Instructions to follow: Extract the line that contains "New Adidas Originals Campus Human Made Green" and every line after it through the end of the records below, exactly as written, leaving out any pictures.

Dataset excerpts:
+++

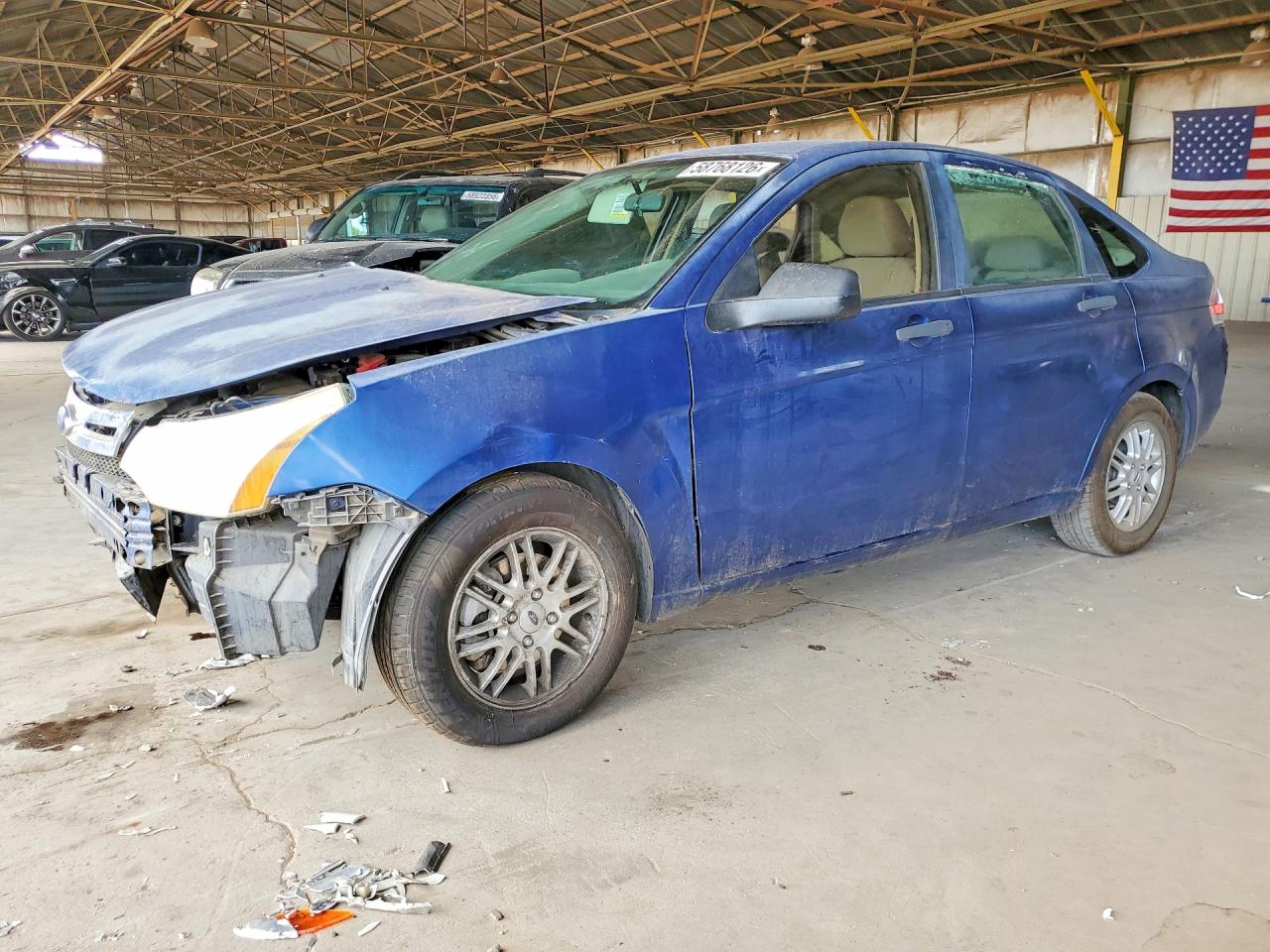 2009 Ford Focus Se Blue vin: 1FAHP35N79W235175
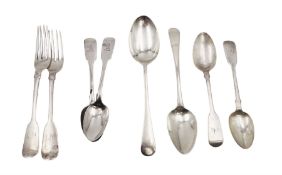 George III and later silver cutlery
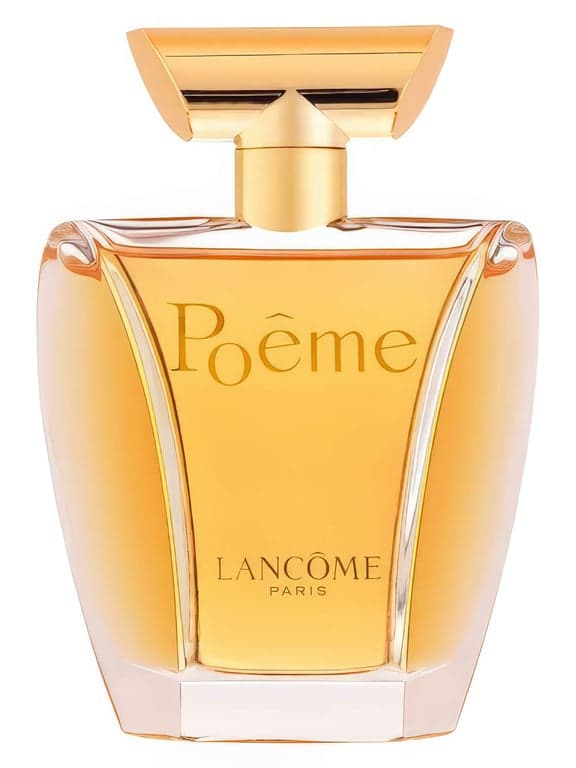Lancôme Poeme perfume bottle - luxury fragrance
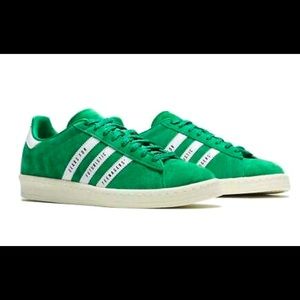 New Adidas Originals Campus Human Made Green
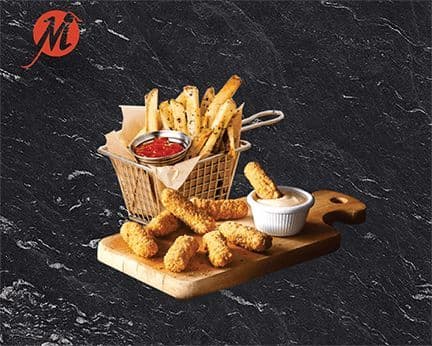 6 Donair Bites with Fries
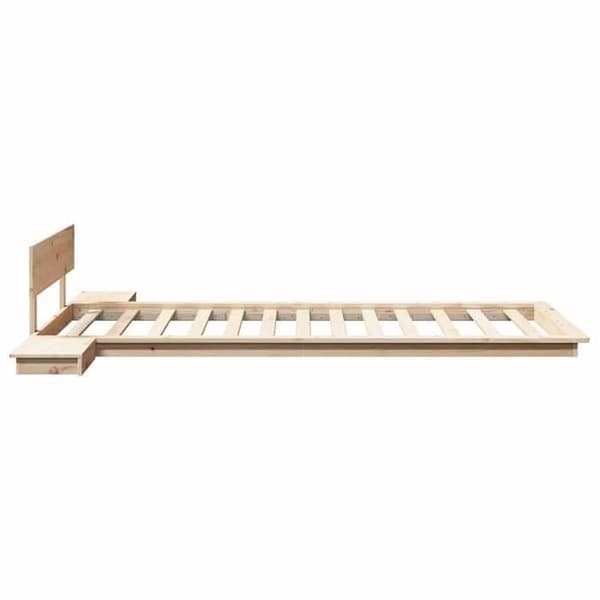 vidaXL Sängram Brun 90 x 190 cm trä 872422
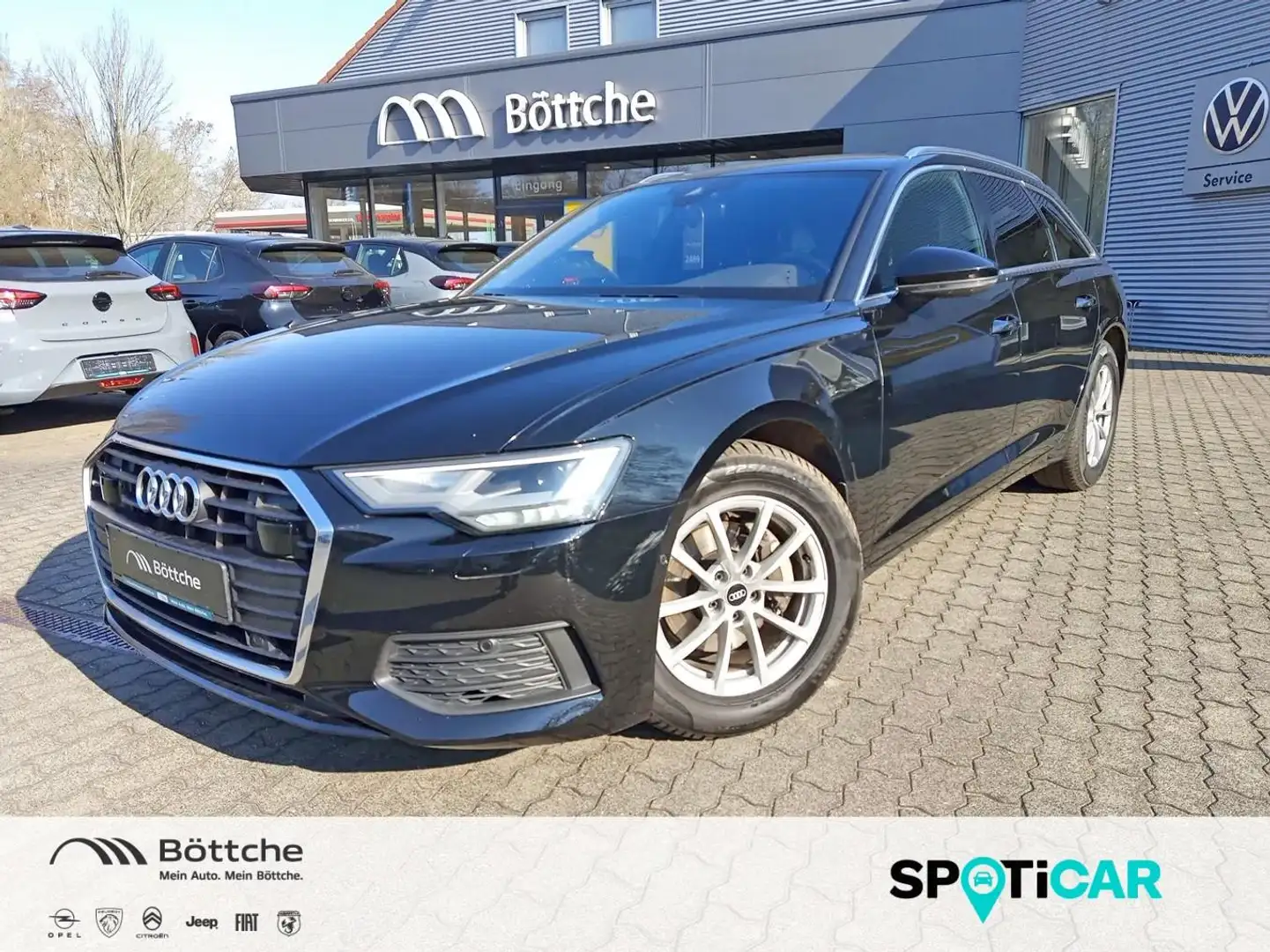 Audi A6 Avant 40 TDI AHK*STANDHEIZUNG*LED*NAVI Schwarz - 1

+++

Response to this exercise:
 New Adidas Originals Campus Human Made Green
 6 Donair Bites with Fries
 vidaXL Sängram Brun 90 x 190 cm trä 872422
 Audi A6 Avant 40 TDI AHK*STANDHEIZUNG*LED*NAVI Schwarz - 1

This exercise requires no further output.